In order for lead acid cell to produce a voltage, it must first receive a (forming) charge voltage of at least 2.1-volts/cell from a charger. Lead acid batteries do not generate voltage on their own; they only store a charge from another source. This is the reason lead acid batteries are called storage batteries, because they only store a charge. The size of the battery plates and amount of electrolyte determines the amount of charge lead acid batteries can store. The size of this storage capacity is described as the amp hour (AH) rating of a battery. A typical 12-volt battery used in a RV or marine craft has a rating 125 AH, which means it can supply 10 amps of current for 12.5 hours or 20-amps of current for a period of 6.25 hours. Lead acid batteries can be connected in parallel to increase the total AH capacity.
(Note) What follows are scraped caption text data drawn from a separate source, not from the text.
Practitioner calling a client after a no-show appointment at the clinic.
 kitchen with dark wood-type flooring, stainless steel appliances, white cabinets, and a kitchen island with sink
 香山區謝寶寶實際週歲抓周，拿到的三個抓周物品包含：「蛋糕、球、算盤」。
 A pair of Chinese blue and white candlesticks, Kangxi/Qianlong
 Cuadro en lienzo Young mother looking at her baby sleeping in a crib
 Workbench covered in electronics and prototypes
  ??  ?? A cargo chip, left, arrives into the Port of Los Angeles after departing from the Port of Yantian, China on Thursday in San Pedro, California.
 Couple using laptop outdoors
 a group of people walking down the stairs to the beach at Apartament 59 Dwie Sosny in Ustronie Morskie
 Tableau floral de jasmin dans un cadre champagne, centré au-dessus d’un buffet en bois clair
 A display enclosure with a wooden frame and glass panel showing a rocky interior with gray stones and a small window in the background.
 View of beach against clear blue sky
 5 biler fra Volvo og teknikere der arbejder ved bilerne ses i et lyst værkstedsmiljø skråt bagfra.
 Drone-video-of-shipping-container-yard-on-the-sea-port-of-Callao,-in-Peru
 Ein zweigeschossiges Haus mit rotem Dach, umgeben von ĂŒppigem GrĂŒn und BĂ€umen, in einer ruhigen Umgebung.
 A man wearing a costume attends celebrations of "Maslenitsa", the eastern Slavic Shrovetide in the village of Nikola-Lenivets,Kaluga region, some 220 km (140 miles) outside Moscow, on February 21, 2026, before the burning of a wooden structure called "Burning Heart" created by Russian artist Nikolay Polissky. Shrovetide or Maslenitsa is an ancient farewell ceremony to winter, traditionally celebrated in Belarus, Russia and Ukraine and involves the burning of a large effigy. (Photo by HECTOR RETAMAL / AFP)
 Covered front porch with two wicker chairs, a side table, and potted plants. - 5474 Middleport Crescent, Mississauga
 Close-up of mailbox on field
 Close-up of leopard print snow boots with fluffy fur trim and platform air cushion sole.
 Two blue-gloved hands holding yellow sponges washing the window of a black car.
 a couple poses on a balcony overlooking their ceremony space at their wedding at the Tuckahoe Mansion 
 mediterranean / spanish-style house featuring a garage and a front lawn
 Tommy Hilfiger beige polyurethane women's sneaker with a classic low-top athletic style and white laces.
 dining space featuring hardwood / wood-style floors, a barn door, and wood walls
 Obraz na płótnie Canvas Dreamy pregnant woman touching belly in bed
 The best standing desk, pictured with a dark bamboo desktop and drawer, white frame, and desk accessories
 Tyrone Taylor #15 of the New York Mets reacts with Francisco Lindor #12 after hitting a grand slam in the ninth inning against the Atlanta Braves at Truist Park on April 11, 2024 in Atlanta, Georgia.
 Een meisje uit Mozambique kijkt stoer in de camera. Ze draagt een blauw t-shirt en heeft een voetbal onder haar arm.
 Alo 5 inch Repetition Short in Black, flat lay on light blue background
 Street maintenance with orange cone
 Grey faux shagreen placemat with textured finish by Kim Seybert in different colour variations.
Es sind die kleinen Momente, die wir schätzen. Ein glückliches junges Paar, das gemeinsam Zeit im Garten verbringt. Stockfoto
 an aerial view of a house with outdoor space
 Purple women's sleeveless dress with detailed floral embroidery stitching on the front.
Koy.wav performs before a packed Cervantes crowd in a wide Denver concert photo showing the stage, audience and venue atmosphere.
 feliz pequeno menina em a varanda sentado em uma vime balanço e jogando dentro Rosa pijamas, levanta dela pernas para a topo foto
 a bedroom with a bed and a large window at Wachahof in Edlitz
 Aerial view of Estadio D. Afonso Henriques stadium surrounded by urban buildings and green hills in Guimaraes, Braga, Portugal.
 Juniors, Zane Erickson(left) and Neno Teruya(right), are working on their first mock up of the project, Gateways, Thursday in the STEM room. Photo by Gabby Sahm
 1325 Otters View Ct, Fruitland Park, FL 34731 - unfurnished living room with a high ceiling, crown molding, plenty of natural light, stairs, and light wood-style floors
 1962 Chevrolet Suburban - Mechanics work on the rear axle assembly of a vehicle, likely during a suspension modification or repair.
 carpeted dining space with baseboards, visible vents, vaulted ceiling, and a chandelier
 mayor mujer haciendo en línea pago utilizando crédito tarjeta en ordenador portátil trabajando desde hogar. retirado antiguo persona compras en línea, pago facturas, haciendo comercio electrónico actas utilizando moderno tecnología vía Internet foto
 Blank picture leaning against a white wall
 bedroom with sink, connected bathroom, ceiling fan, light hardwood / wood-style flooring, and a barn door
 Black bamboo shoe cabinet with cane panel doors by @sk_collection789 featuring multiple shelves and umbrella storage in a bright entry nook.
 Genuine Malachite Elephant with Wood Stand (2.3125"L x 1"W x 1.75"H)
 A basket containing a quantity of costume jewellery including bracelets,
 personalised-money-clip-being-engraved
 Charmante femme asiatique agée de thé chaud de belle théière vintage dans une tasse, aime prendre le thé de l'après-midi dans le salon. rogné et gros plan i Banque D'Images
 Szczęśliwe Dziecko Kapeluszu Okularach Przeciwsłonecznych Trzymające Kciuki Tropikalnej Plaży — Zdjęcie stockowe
Lead Acid Battery Recharge Cycle
The most important thing to understand about recharging lead acid batteries is that a converter/charger with a single fixed output voltage will not properly recharge or maintain your battery.
Proper recharging and maintenance requires an intelligent charging system that can vary the charging voltage based on the state of charge and use of your RV or Marine battery. Progressive Dynamics has developed intelligent charging systems that solve battery problems and reduce battery maintenance.
The discharged battery shown in figure # 6 on the next page is connected to a converter/charger with its output voltage set at 13.6-volts. In order to recharge a 12-volt lead acid battery with a fully charged terminal voltage of 12.6-volts, the charger voltage must be set at a higher voltage. Most converter/chargers on the market are set at approximately 13.6-volts. During the battery recharge cycle lead sulfate (sulfation) begins to reconvert to lead and sulfuric acid.
During the recharging process as electricity flows through the water portion of the electrolyte and water, (H2O) is converted into its original elements, hydrogen and oxygen. These gasses are very flammable and the reason your RV or Marine batteries must be vented outside. Gassing causes water loss and therefore lead acid batteries need to have water added periodically. Sealed lead acid batteries contain most of these gasses allowing them to recombine into the electrolyte. If the battery is overcharged pressure from these gasses will cause relief caps to open and vent, resulting in some water loss. Most sealed batteries have extra electrolyte added during the manufacturing process to compensate for some water loss.